____ Extracted information

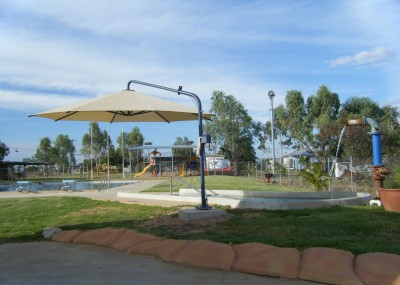 Muttaburra Pool Area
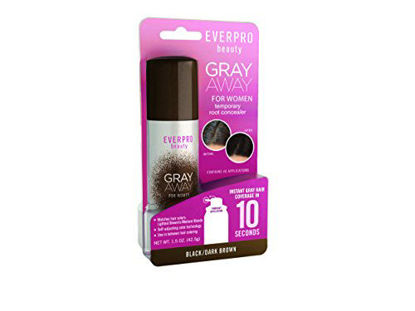 Picture of Everpro Gray Away Temporary Root Concealer, Black/Dark Brown 1.5 oz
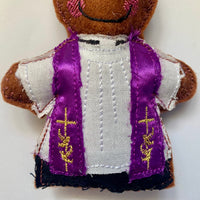 Vicar Gingerbread Man Hanging Tree Decoration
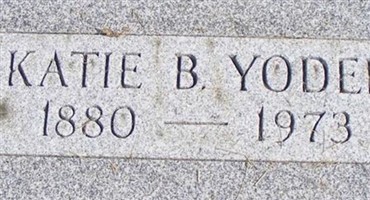 Katie B. Yoder Katie B. Yoder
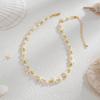 Ingemark Boho Starfish Imitation Pearl Choker Necklace for Men 2025 Trend Goth Adjustable Clavicle Chain Surfers Beach Jewelry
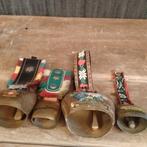 4 vintage koperen belletjes, Ophalen of Verzenden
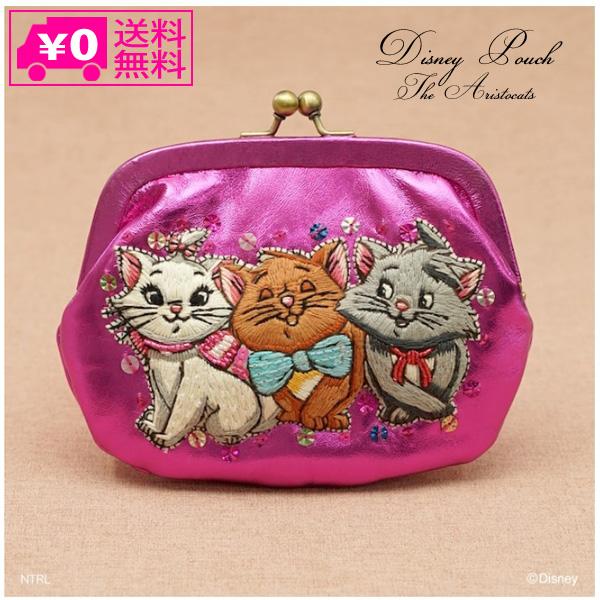 送料無料 タマオワールド Disney 刺繍 がま口 ポーチ 小物入れ 送料無料 タマオワールド Disney 刺繍 がま口 ポーチ 小物入れ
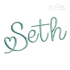 Love Heart Script Machine Embroidery Font by Apex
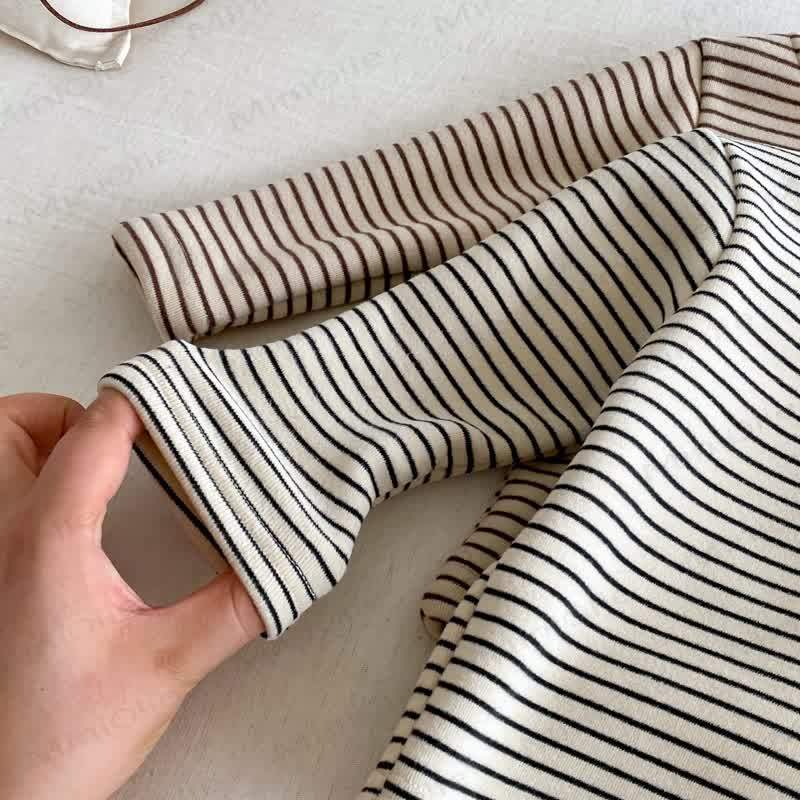 ベビー 幼児 女の子 ストライプ フリース Tシャツ - image 6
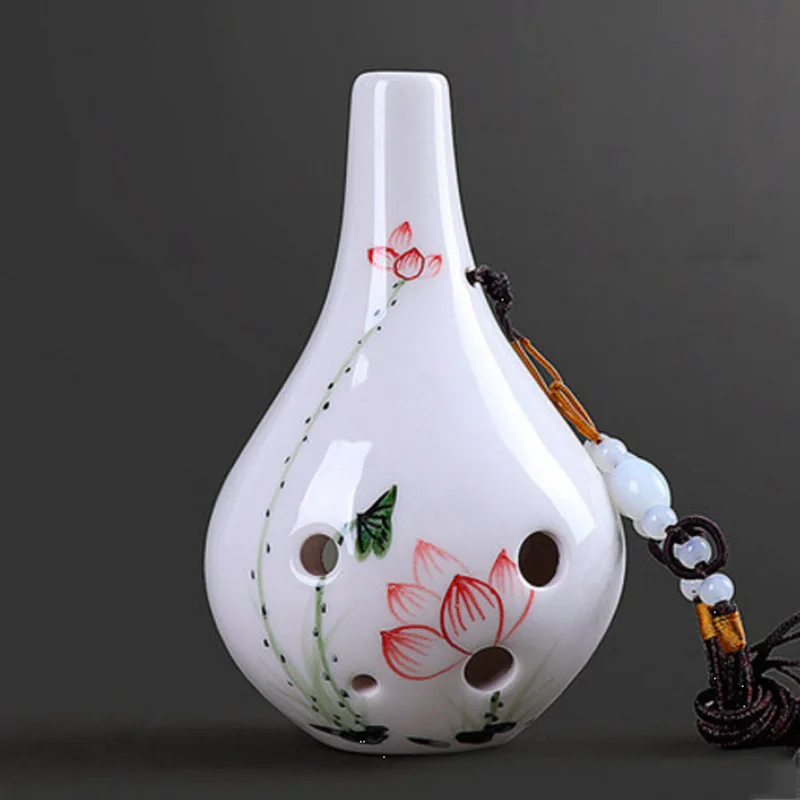 6 holes ocarina upright round bottle instrument for beginnersin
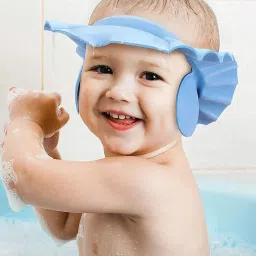 Soft Baby Shower Cap Bathing Cap Toddler, Baby, Kids Shampoo Bath Bathing Safe-image-59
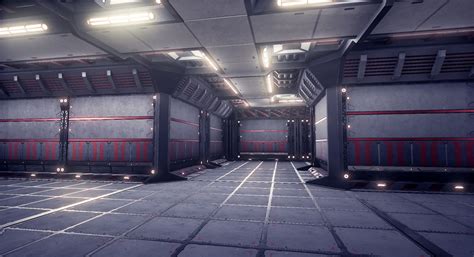 Modular Sci-Fi Hallway 3D Model $29 - .fbx .obj - Free3D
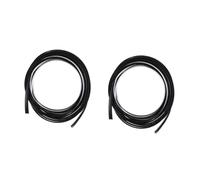 UKCOCO 2 Piezas Tira Protectora de Puerta de Coche Flexible de Protector de Bordes Antiarañazos y Decorativo para Mayoría de Vehículos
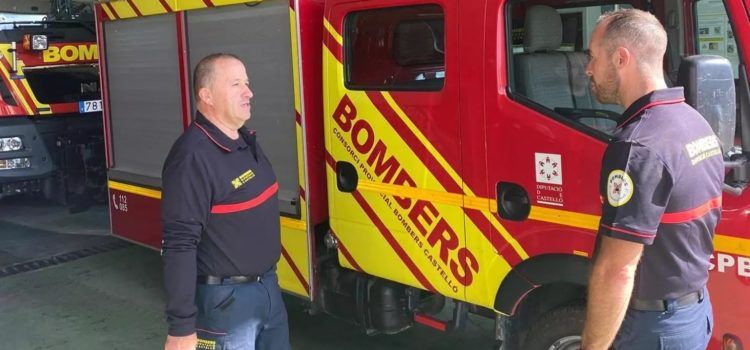 ‘Pep de Xiva’ penja el casc de cap de bombers de Morella després de 33 anys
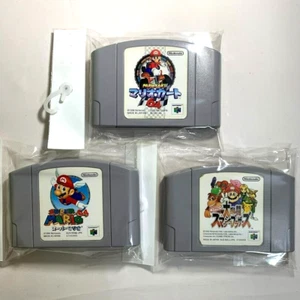 Tested NINTENDO 64 Super Mario, Super Smash Bros. Mario Kart Set of 3 Ver.Japan - Picture 1 of 2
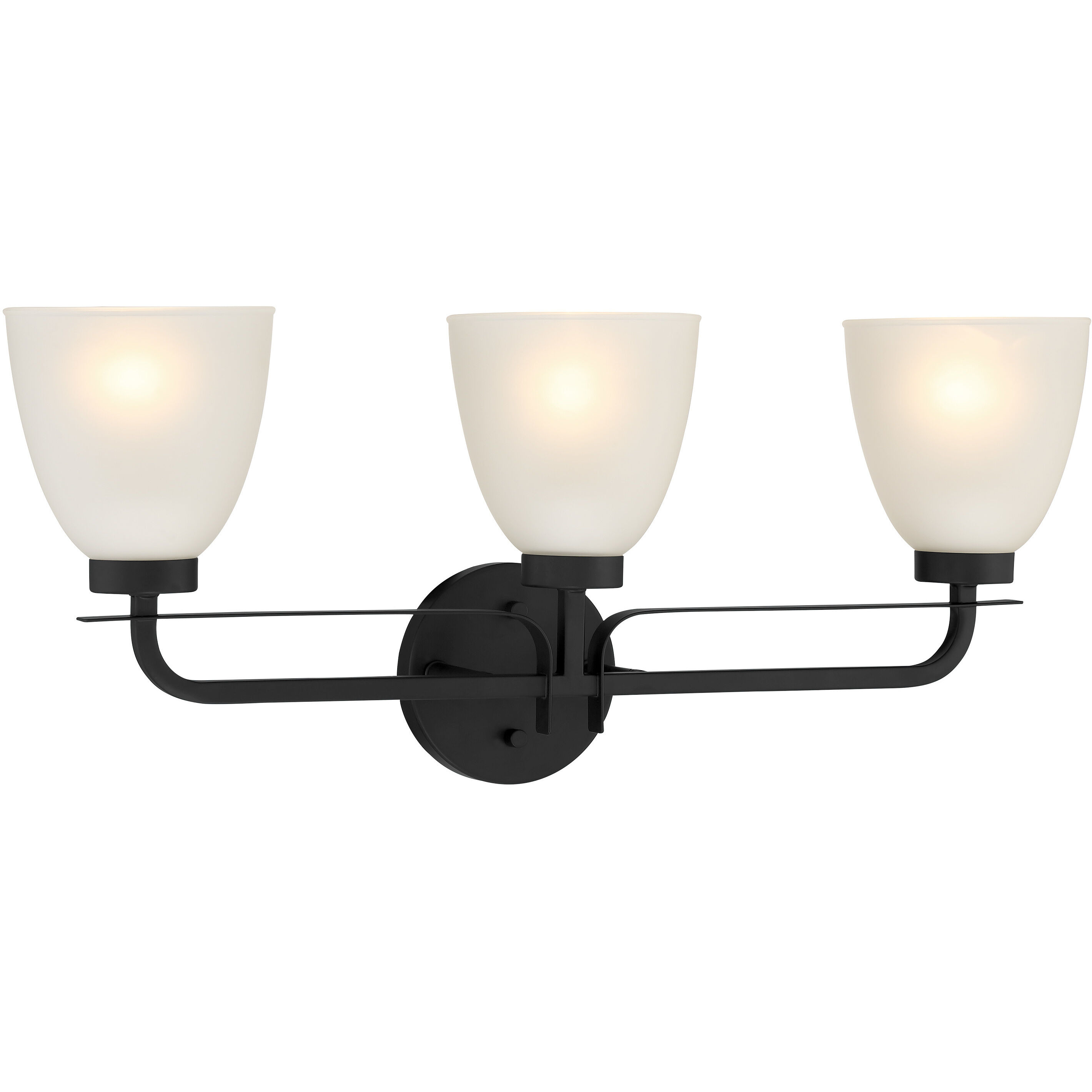 Kaitlen 3 Light 24 inch Coal Bath Light Wall Light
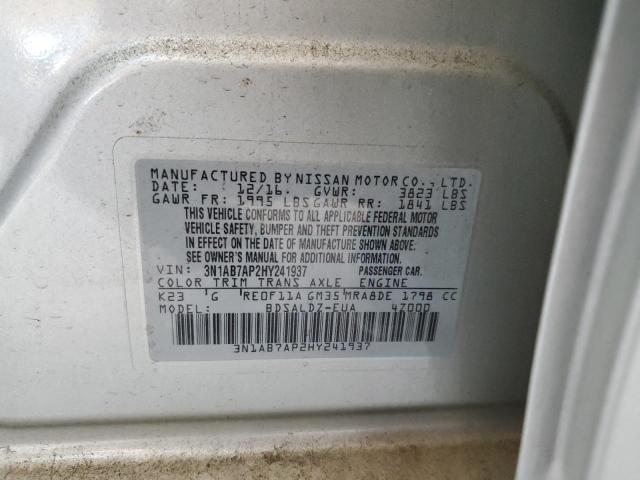 Photo 11 VIN: 3N1AB7AP2HY241937 - NISSAN SENTRA S 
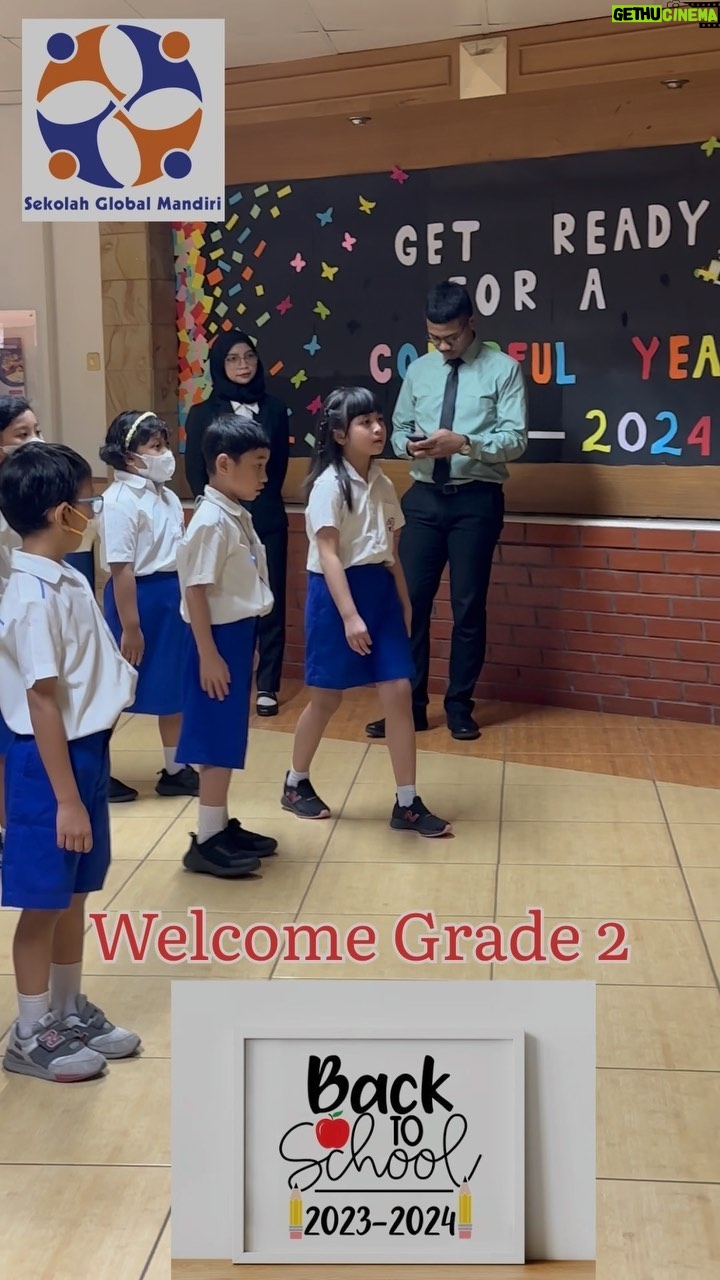 Errina GD Instagram - Yeay Grade 2 🩷 #grade2 #backtoschool #primaryschool #sekolahglobalmandiricibubur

________

■ Task ■
Retype, exactly and with no pictures, everything above from the line with "Katie B. Yoder Katie B. Yoder" down to the line with "Modular Sci-Fi Hallway", both included.

■ Solution to this exercise ■
 Katie B. Yoder Katie B. Yoder
 Ingemark Boho Starfish Imitation Pearl Choker Necklace for Men 2025 Trend Goth Adjustable Clavicle Chain Surfers Beach Jewelry
 4 vintage koperen belletjes, Ophalen of Verzenden
 送料無料 タマオワールド Disney 刺繍 がま口 ポーチ 小物入れ 送料無料 タマオワールド Disney 刺繍 がま口 ポーチ 小物入れ
 Love Heart Script Machine Embroidery Font by Apex
 ベビー 幼児 女の子 ストライプ フリース Tシャツ - image 6
 6 holes ocarina upright round bottle instrument for beginnersin
 Soft Baby Shower Cap Bathing Cap Toddler, Baby, Kids Shampoo Bath Bathing Safe-image-59
 Modular Sci-Fi Hallway 3D Model $29 - .fbx .obj - Free3D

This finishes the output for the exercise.